Portanto, parece ser apenas uma questão de tempo até que a opinião pública no Brasil se acostume a estratégias de política externa cada vez mais ambiciosas. Nas universidades, isso já está acontecendo. Existem mais de 100 cursos de graduação em relações internacionais. Mas o Ministério das Relações Exteriores do Brasil pode, certamente, fazer mais de que ficar parado e esperar que a nova geração tome o controle. Isso é o que argumenta Matias Spektor em um editorialperspicaz publicado pela Folha de São Paulo. Ele coloca parte da culpa pela superficialidade e pela relativa ausência da política externa no debate público brasileiro sobre a falta de vontade do Itamaraty de engajar e tentar ativamente moldar a opinião pública. Segundo Spektor, ao invés de interagir com a imprensa, os embaixadores brasileiros são instruídos a manter um perfil discreto, o que facilita a circulação de falsos rumores e más interpretações por parte de jornalistas frequentemente desinformados. Ele nota, com razão, que escritores muitas vezes se referem à mídia internacional ao invés de contatar o Ministério das Relações Exteriores. No passado, isso causou problemas. Quando o Brasil negociou com o Irã, o Itamaraty não forneceu informações suficientes à mídia nacional, o que permitiu que uma narrativa com influência americana se estabelecesse, segundo a qual o Brasil estava se comportando de maneira perigosa.

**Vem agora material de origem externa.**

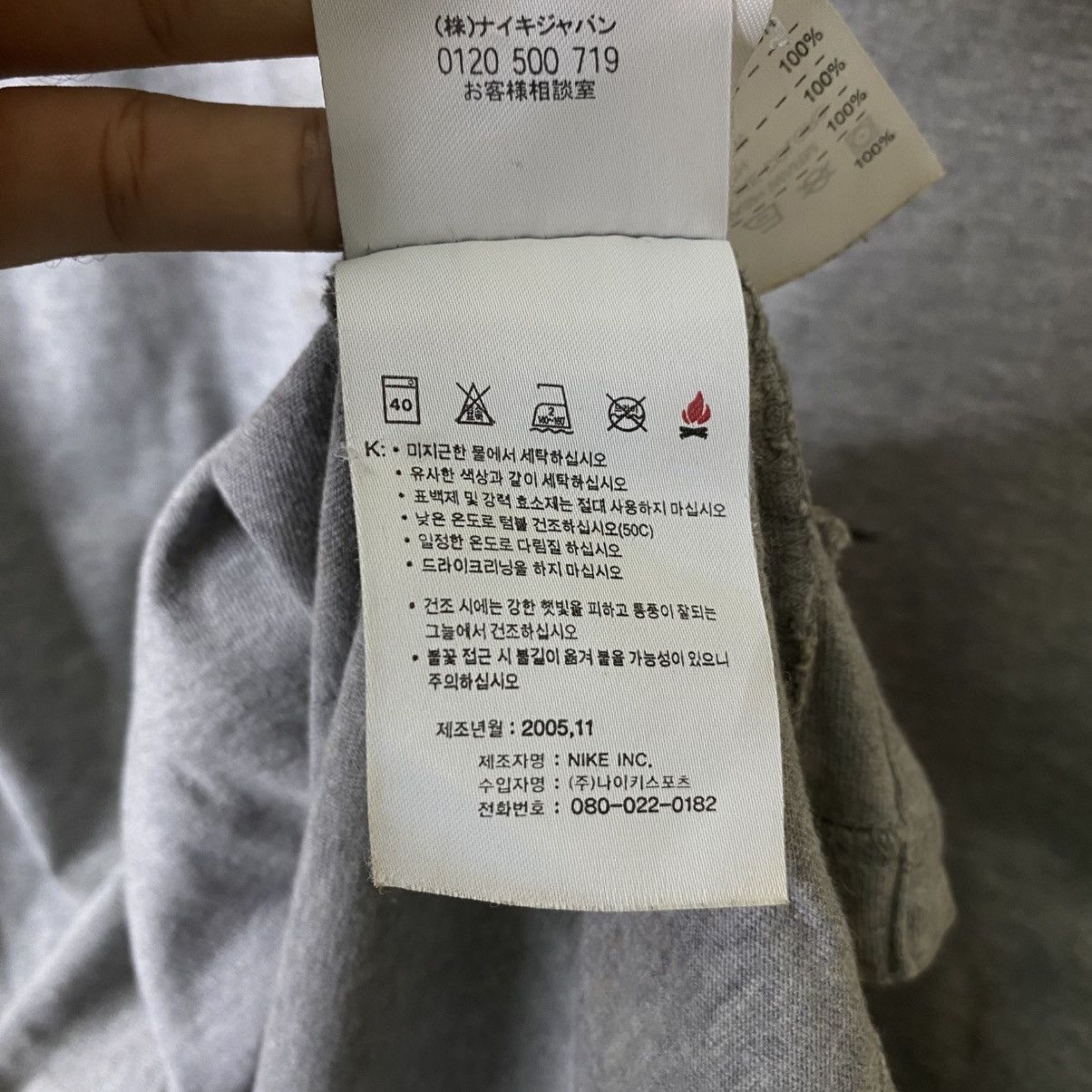 Nike Vintage Y2K Nike Essential Embroidery Small Swoosh T Shirt Size US M / EU 48-50 / 2 - 9 Thumbnail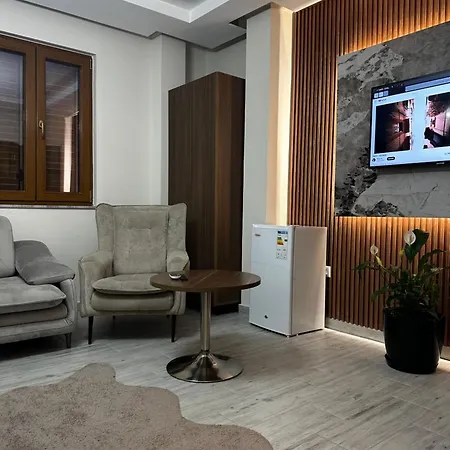 Exclusive * Τίρανα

Sob o Ministro das Relações Exteriores Antonio Patriota, o Itamaraty tem feito tentativas sem precedentes para engajar a sociedade civil, com diversos convites estendidos a representantes de ONGs e acadêmicos para que participem em seminários. Patriota, que passa 40% de seu tempo viajando pelo exterior, frequentemente dá palestras em universidades e participa em discussões sobre política em think tanks, tais como aquela realizada na FGV do Rio de Janeiro no ano passado sobre a “Responsabilidade ao Proteger”.

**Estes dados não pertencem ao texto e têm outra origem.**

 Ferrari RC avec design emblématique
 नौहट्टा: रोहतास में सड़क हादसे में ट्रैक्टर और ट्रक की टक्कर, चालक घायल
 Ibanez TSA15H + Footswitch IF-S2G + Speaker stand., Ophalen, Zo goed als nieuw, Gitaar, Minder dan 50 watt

Contudo, Spektor também enfatiza que o Itamaraty precisa empregar o Twitter e o YouTube de maneira mais engajadora. É interessante notar que a conta no Twitter do Itamaraty tem quase o mesmo número de seguidores de que a do Ministério das Relações Exteriores da Índia, uma realização bastante impressionante quando se considera que a população do Brasil é cinco vezes menor do que a da Índia.

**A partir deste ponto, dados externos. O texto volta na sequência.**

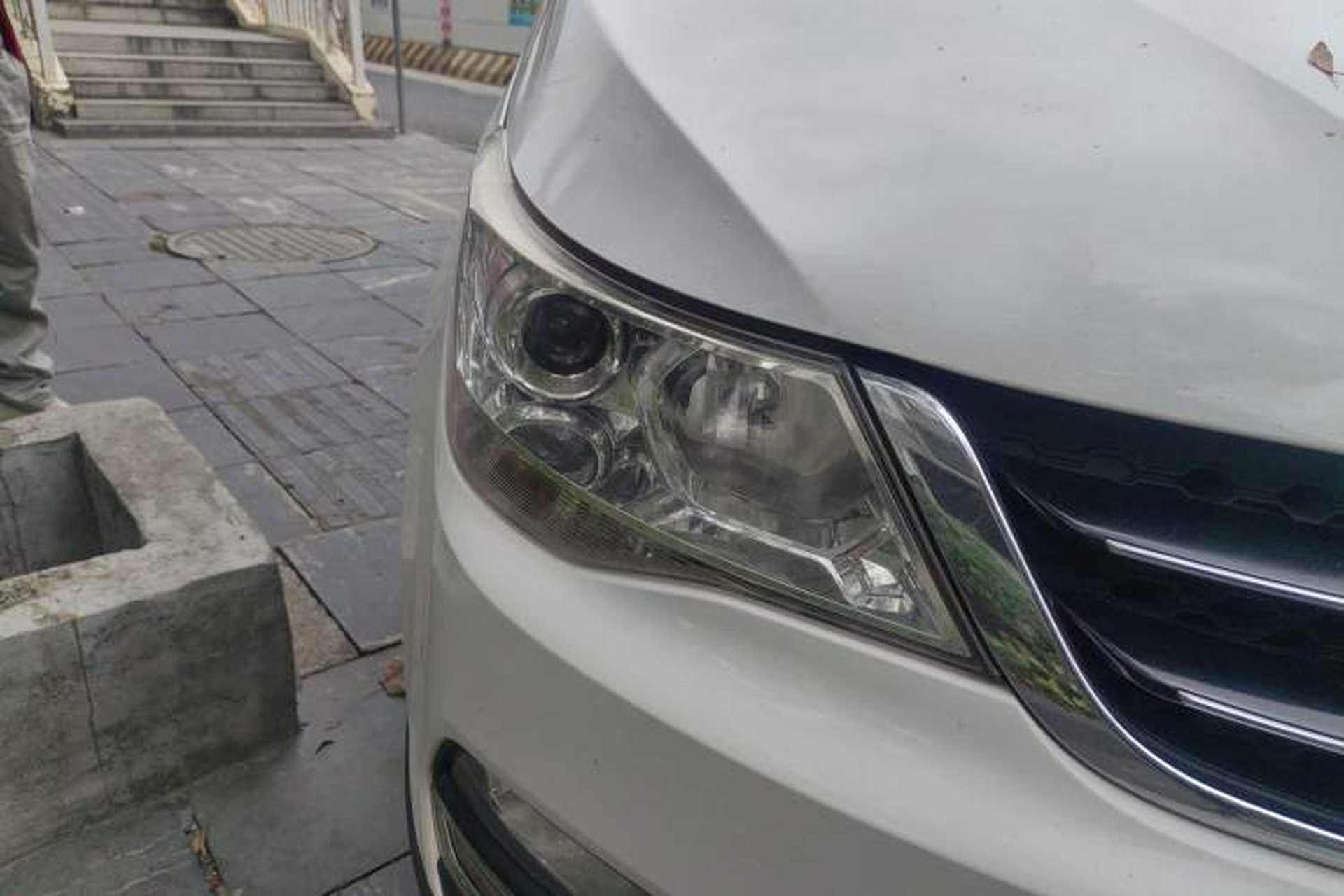 Used Baojun 730 2016 1.5L Manual Comfort Version 7 Seats China V Emission Standard Right Front Headlight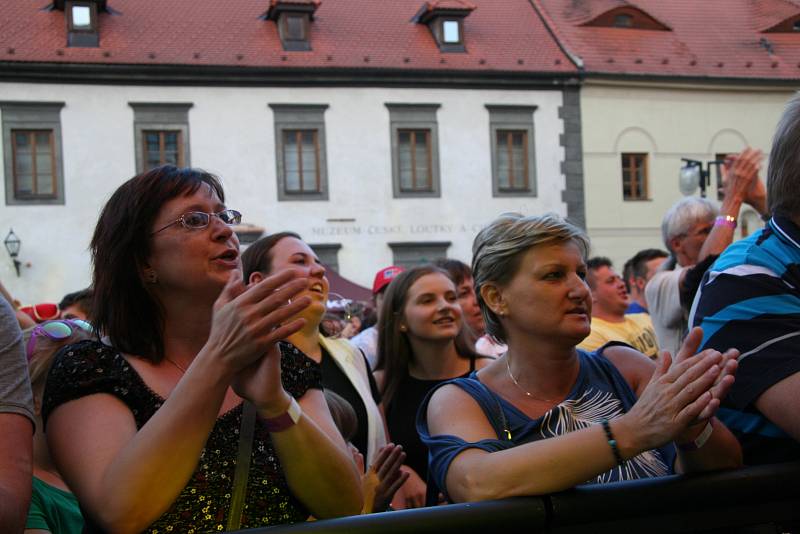 Kapela Turbo roztančila v pátek prachatické náměstí. V samotném srdci města se představila při Slavnostech solné Zlaté stezky.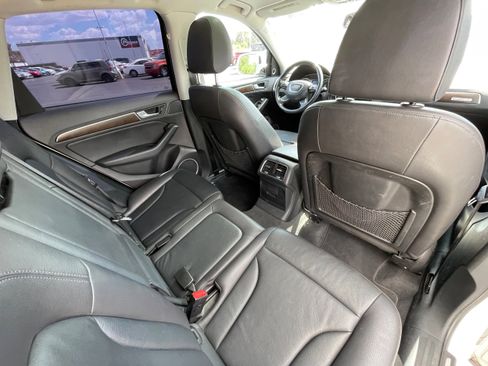 Used 2016 Audi Q5 2.0T Premium Plus w/ Technology Package image 22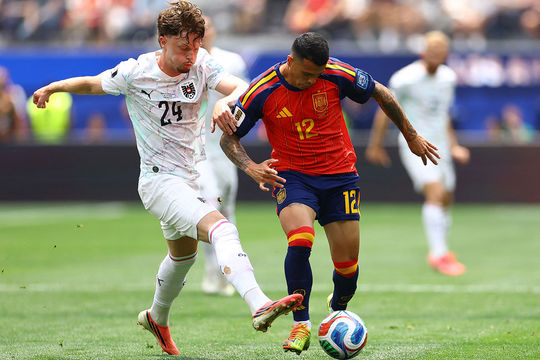 Tây Ban Nha thắng Áo 3 - 0, Oyarzabal lập cú đúp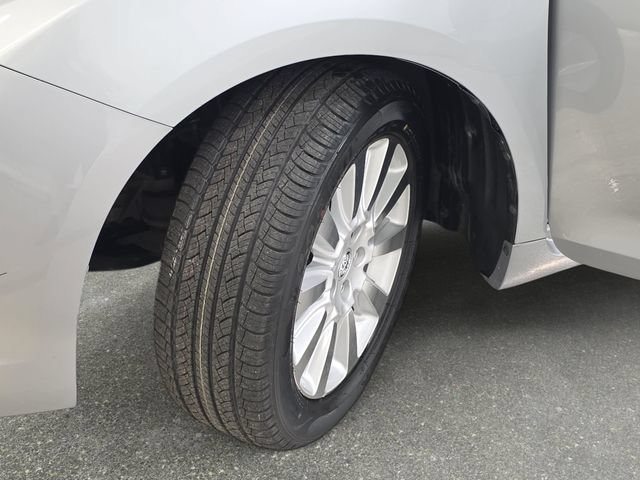 Used 2015 Toyota Sienna XLE w/ XLE Navigation Package AWD/4WD image 32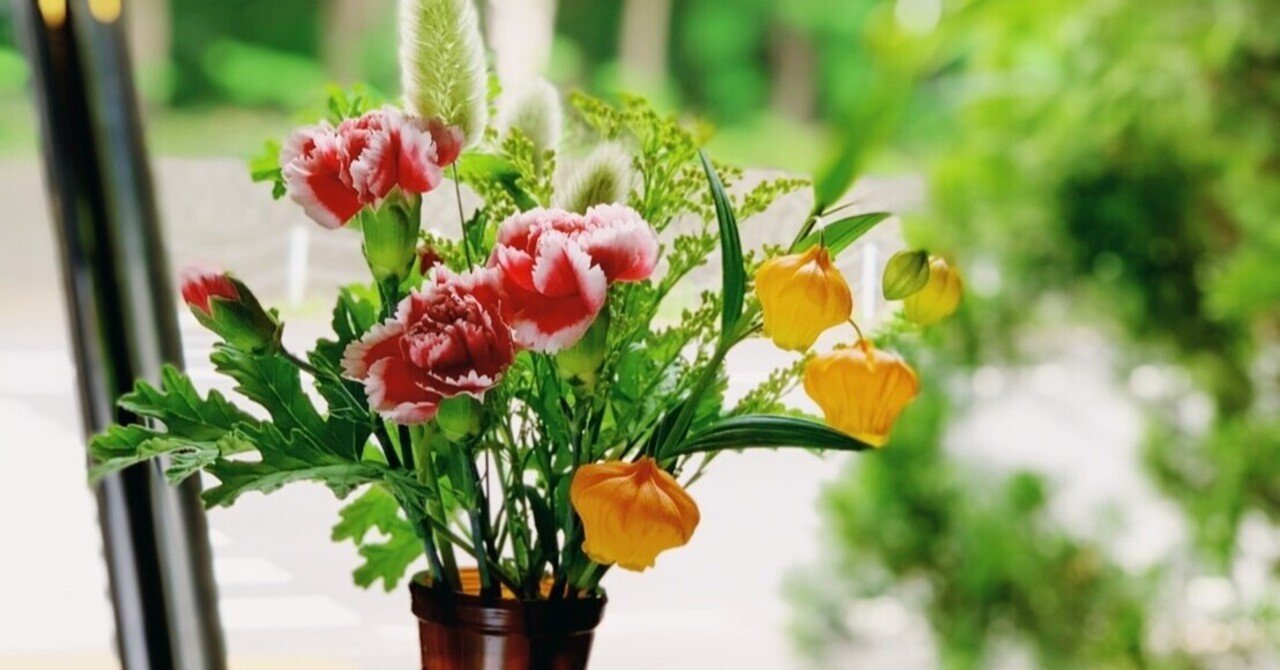 花の定期便 四国で自宅にお花が届くサブスク人気３選 徳島 香川 愛媛 高知県で 花のある生活 をおすすめ 青山フラワーマーケット 日日是好日 ブルーミー比較 My Florist Magazine Note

Mesmo assim, a sociedade civil indiana parece dar maior apoio às aspirações globais da Índia do que a sociedade brasileira dá a seu próprio governo. Há fatores estruturais que podem explicar isso, como a complexidade da vizinhança, as guerras relativamente recentes com o Paquistão e a China, e uma elite anglófona que estabelece laços e redes ao redor do mundo com maior facilidade. A Índia também se beneficia de uma cultura de think tanks que produz uma avalanche anual de artigos e livros contendo pareceres sobre política externa, o que fortalece o debate público. E os formuladores de política externa da Índia também fazem sua parte. O próprio Shashi Tharoor simboliza o crescente engajamento global indiano. Com seu mais recente livro, “Pax Indica”, ele conseguiu engajar leitores que pouco se importavam, antes, com política externa. A palestra do TED de Tharoor sobre a ascensão de seu país foi vista mais de 600.000 vezes no mundo todo e fortaleceu o debate doméstico sobre o papel da Índia em assuntos globais; acredita-se, inclusive, que tenha inspirado muitos jovens indianos a tentarem entrar para o serviço diplomático do país. O Itamaraty certamente tem um número suficiente de diplomatas talentosos para seguir o exemplo de Tharoor.